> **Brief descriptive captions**

^^^^

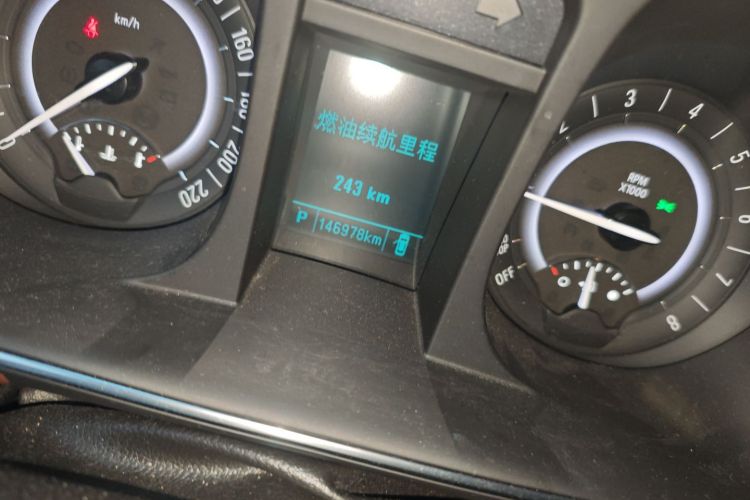 别克GL8 2017款 25S 尊贵型 国V中控内饰15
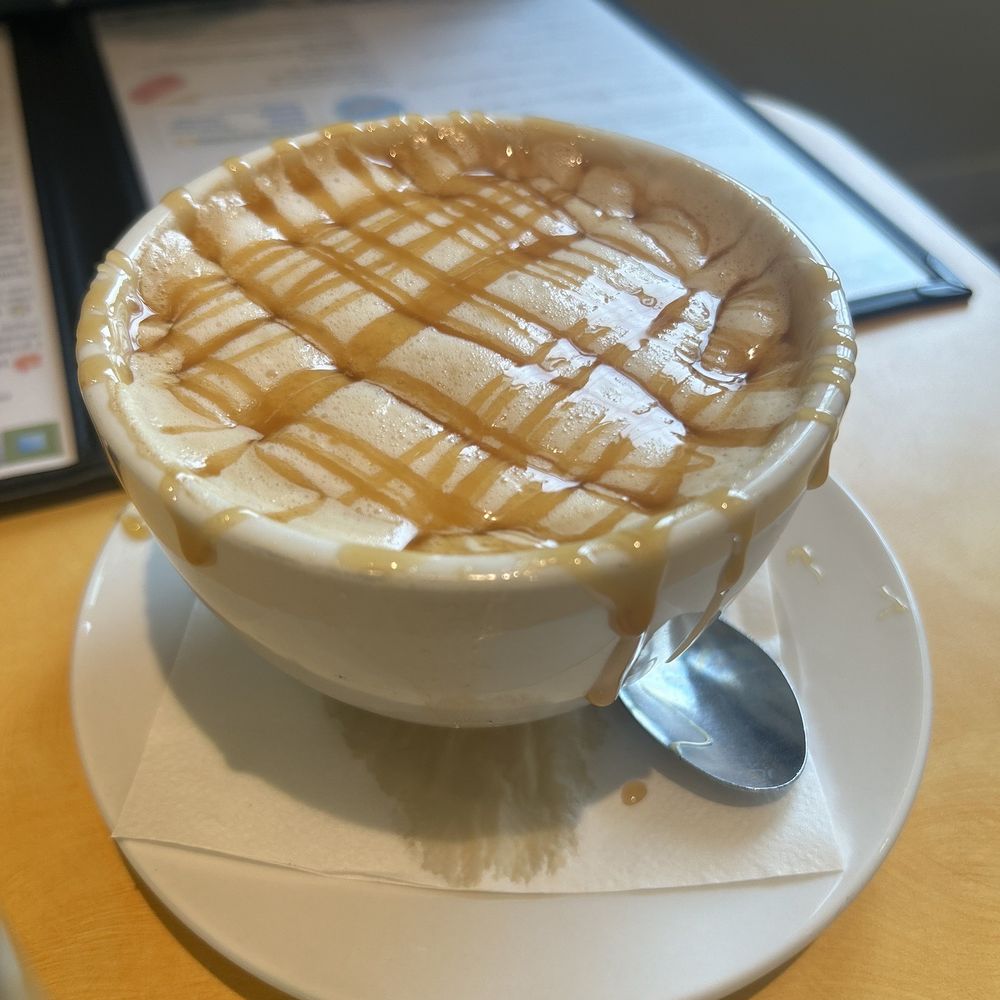 Half Day Cafe - Caramel macchiato - Breakfast & Brunch Near Me - Mason, Ohio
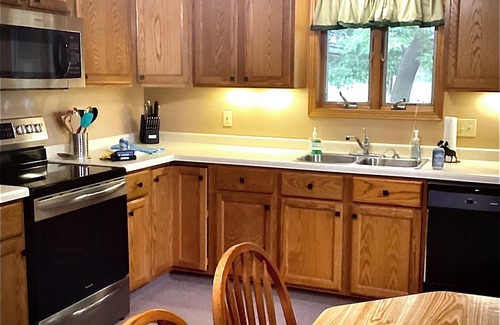 New Lisbon Cabin | Cozy 3-bedroom cabin with private dock and direct access to Castle Rock Lake.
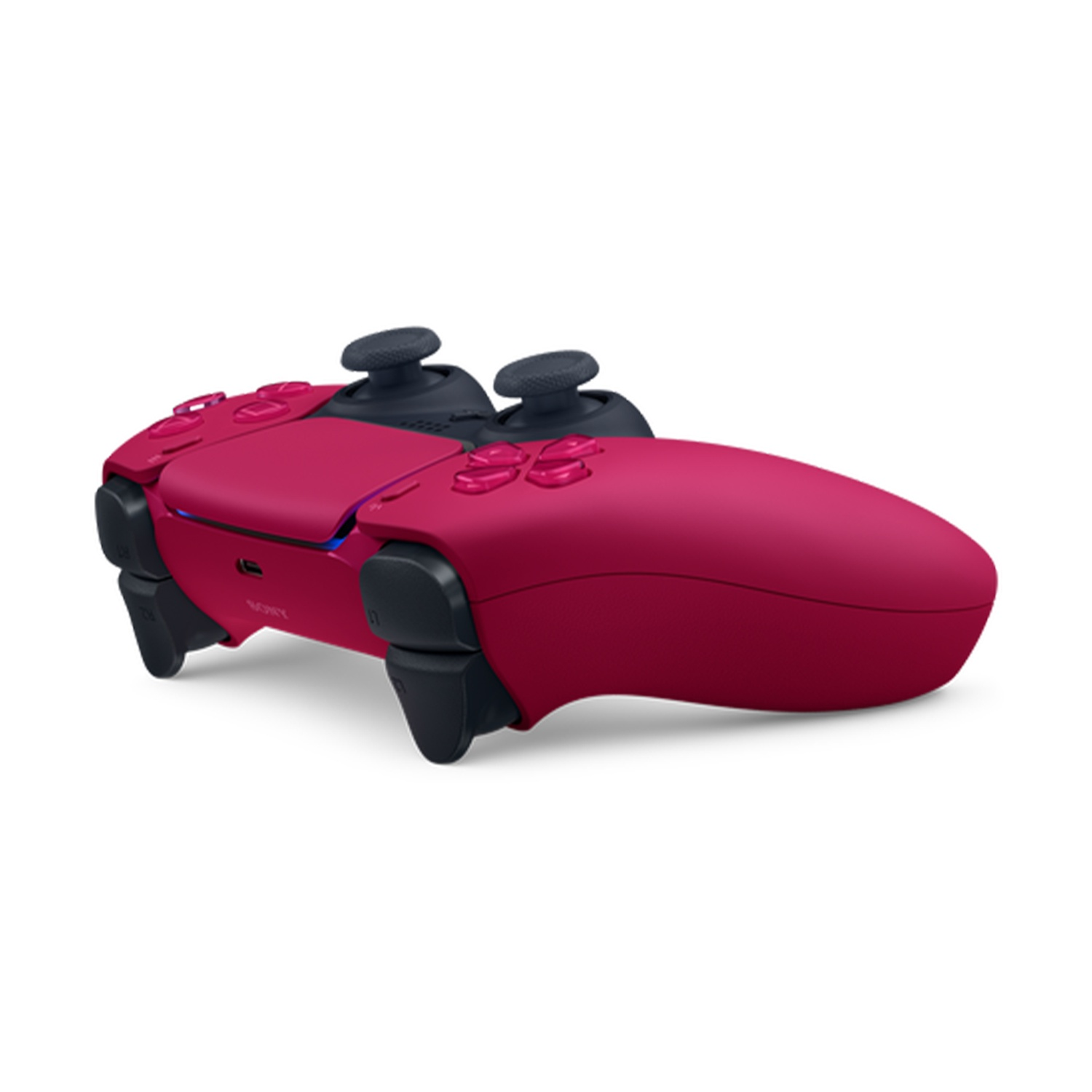 Un controller PlayStation 5 marrone. Ha due joystick neri, pulsanti e grilletti. Lo sfondo è bianco.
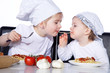 Photo: Kinder spielen Kino und essen eine Spaghetti Kinder spielen Kino und essen eine Spaghetti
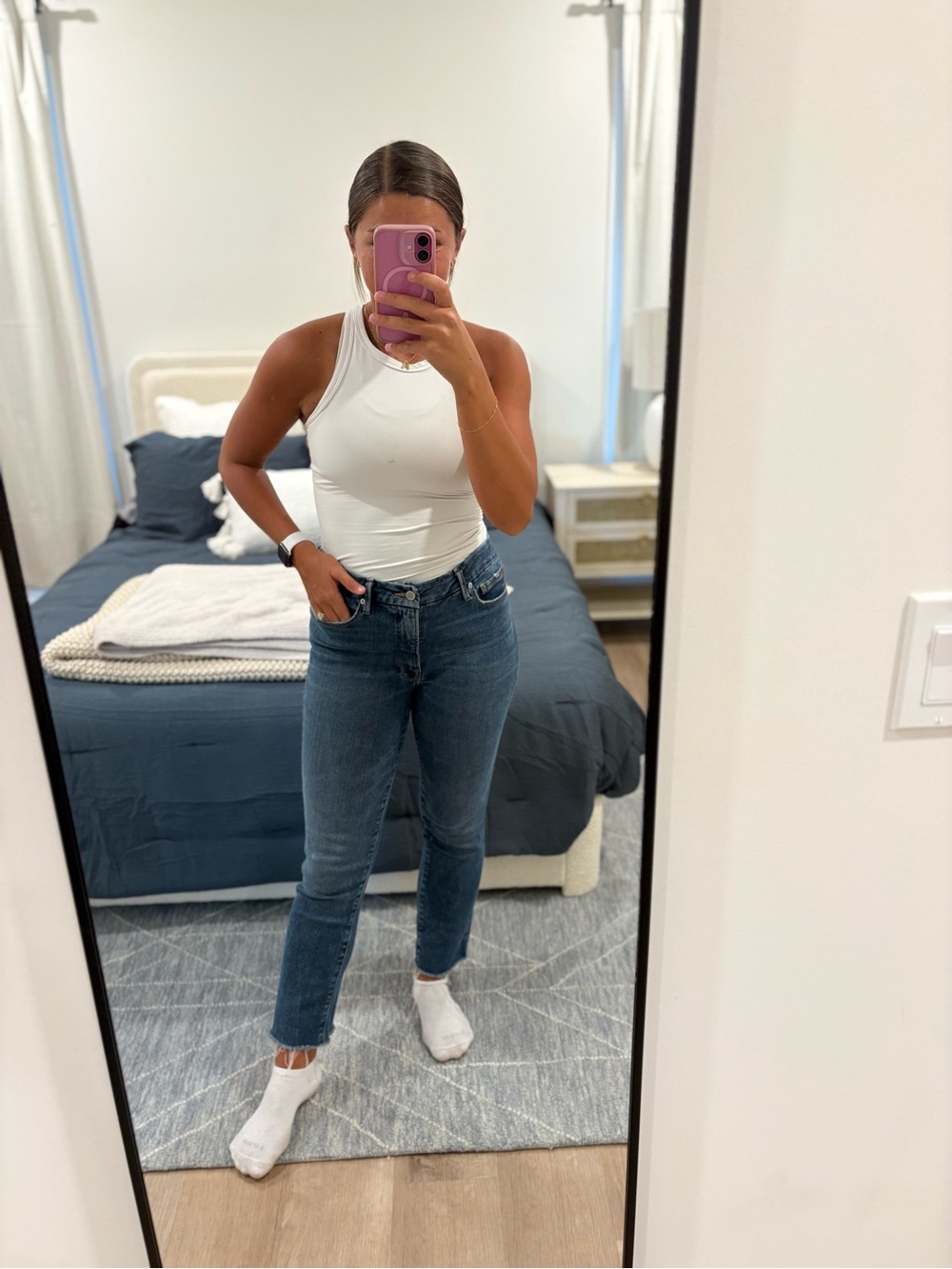 Good American Straight Leg Jeans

^^^^

> **ASSIGNMENT**
First drop every picture, then print the data above exactly as it stands.

> **EXERCISE OUTPUT**
 别克GL8 2017款 25S 尊贵型 国V中控内饰15
 Half Day Cafe - Caramel macchiato - Breakfast & Brunch Near Me - Mason, Ohio
 New Lisbon Cabin | Cozy 3-bedroom cabin with private dock and direct access to Castle Rock Lake.
 Un controller PlayStation 5 marrone. Ha due joystick neri, pulsanti e grilletti. Lo sfondo è bianco.
 Photo: Kinder spielen Kino und essen eine Spaghetti Kinder spielen Kino und essen eine Spaghetti
 Good American Straight Leg Jeans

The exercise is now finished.